Modulating a DNA repair pathway may improve the safety and accuracy of the use of CRISPR technology, according to a team of researchers.
The process of gene editing, in which genomes are sliced at specific points and rejoined, carries the risk of damaging the DNA through unintended deletions; such damage may be extensive. The new strategy, developed by a team led by scientists at King Abdullah University of Science and Technology (KAUST) in Thuwal, Saudi Arabia, sought to mitigate this risk.
As the team explained in an article published in BMC Biology, they investigated the microhomology-mediated end joining (MMEJ) DNA repair pathway, one of the cellular mechanisms by which double-strand breaks introduced by CRISPR-Cas9 may be repaired. However, while it repairs breaks, MMEJ also plays a significant part in generating large deletions. In analyzing the roles of four key MMEJ genes in this process, the researchers determined that two of the four -- replication protein A (RPA) and DNA polymerase theta (POLQ) -- played key and opposing roles.
The KAUST researchers found that reducing POLQ levels significantly reduced large deletions while reducing RPA increased large-deletion frequency. Thus, they determined that inhibiting POLQ pharmacologically or increasing the expression of RPA through genetic techniques reduced the occurrence of large deletions without compromising the efficiency of the gene editing.
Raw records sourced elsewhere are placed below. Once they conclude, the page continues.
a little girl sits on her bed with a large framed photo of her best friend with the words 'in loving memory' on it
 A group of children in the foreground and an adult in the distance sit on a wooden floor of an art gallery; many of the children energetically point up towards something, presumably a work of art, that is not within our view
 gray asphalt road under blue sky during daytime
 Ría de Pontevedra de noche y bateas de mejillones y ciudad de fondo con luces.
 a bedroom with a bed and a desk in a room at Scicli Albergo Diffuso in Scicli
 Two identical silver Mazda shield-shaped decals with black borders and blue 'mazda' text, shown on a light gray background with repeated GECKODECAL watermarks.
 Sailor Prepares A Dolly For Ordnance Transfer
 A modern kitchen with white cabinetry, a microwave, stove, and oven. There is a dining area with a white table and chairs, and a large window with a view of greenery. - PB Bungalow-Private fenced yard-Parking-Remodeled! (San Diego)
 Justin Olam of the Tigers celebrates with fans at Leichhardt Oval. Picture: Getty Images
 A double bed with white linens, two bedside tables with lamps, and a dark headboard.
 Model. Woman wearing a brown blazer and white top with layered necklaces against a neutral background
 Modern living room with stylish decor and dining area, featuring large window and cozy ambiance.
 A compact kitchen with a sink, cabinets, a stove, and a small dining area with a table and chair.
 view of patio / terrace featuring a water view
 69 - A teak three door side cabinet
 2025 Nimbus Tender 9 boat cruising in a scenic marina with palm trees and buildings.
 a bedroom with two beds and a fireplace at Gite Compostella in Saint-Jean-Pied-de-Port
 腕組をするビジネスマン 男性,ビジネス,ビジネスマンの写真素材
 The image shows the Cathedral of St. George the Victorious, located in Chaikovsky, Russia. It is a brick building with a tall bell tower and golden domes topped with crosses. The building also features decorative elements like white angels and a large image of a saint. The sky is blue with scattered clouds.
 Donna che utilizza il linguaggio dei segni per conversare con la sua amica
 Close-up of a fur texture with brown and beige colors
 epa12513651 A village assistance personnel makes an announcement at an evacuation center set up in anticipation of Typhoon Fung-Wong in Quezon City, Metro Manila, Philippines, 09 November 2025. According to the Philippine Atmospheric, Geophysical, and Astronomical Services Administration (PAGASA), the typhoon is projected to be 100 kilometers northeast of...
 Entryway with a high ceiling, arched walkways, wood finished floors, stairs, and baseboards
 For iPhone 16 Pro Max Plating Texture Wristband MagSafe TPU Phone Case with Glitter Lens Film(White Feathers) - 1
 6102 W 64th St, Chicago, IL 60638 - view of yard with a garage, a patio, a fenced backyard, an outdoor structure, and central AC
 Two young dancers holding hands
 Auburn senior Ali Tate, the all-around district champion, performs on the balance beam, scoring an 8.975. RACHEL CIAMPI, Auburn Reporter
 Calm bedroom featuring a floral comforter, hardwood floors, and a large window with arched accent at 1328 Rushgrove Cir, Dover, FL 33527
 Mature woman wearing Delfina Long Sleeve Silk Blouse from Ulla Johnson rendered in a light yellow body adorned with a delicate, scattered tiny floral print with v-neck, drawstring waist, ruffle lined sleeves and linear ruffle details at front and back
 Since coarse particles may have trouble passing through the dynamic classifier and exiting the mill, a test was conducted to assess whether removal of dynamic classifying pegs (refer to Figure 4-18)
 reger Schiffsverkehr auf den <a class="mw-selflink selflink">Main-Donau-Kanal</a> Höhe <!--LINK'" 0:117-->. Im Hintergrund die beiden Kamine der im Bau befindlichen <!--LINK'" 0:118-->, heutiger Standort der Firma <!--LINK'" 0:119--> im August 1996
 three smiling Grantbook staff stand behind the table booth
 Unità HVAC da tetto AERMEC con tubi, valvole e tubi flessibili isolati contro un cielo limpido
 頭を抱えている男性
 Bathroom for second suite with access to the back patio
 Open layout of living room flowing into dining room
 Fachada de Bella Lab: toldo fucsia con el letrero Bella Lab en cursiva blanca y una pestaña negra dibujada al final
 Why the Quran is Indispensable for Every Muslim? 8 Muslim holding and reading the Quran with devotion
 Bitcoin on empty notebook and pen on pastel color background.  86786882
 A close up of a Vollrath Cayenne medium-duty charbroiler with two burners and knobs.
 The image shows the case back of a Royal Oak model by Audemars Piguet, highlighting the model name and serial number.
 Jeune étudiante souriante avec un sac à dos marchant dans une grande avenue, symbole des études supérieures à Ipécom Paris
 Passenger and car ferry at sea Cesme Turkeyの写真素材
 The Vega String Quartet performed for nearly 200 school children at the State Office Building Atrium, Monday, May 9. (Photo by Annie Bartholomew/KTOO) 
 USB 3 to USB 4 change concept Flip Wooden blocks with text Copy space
This approach had another benefit: "Interestingly, small-molecule inhibition of POLQ and delivery of recombinant RPA proteins also dramatically promote homology-directed repair (HDR) at multiple disease-relevant gene loci in human pluripotent stem cells and hematopoietic progenitor cells," the authors wrote.
HDR is a mechanism that enables accuracy in genome editing without the addition of unintended mutations. Through this approach, the research team was able to both prevent large deletions and improve the precision and accuracy of the editing while preserving the integrity of the cells being edited.